The pitlane reopens when the correct race order has been restored. All through this process a 'safety car' board is on display to drivers as they cross the start-finish line. This information is also relayed from the pitlane over radios

An exact procedure is followed when the race controller orders the safety car to leave the track. The safety car turns off its orange flashing lights at the start of its final lap. Competitors remain behind in formation knowing fully that at the start of the next lap they will be racing again. The safety pulls off into the pits at the end of the lap and as they cross the line the race is back on

Different elements go into producing the best performance in a Formula One car and suspension is a critical interface between all those elements.

In Formula One cars, the spring and damper rates are very firm unlike in road going cars. In the event of an impact or hitting bumps, the impacts are defused as quickly as possible. During the impact, in order to avoid an oscillating force from building up, the shock absorbers are released and the spring absorbs the energy of the impact.

In 1990, a regulation was introduced banning any kind of electronic intervention on "active" suspension of all Formula One cars.

Track testing is used to find numerous improvements and fine tune minute details of the cars.

The manpower and logistics involved in a modern Formula One team's testing program is vast. Most big constructors have separate testing teams in addition to the actual racing team and test at FIA approved tracks mainly in Europe.
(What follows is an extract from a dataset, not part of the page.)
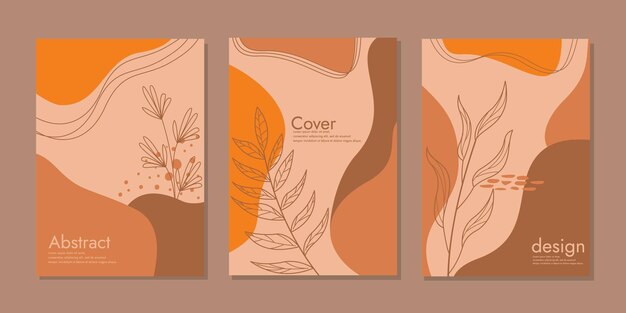 Vector botanische omslag vector set met de hand getekende bloemen sjabloon lijn kunst achtergrond voor notebooks planners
2007 brought about Grand Prix Fridays that also serve as a test day with teams permitted to run an extra test driver, though the number of cars per session is still limited to two.

Formula One's most exciting moment is considered to be at the start as it can significantly determine finishing position: a bad start can ruin the day's race whereas a good start can lead to a podium finish.

Before the start of the race proper, the drivers complete one lap of the track at relatively low speed – this is called the 'formation lap'. This is a challenging test for the driver in pole position as he has to tactfully control the pace of the formation lap to work some heat into his tyres, but also to make sure that he does not complete the lap too fast and be left sitting on the grid for a long time as other cars take their positions behind him.

The race controller initiates the start sequence once all the cars have halted on the grid and the medical cars and course cars are also in position. The race is underway when the final red light goes out.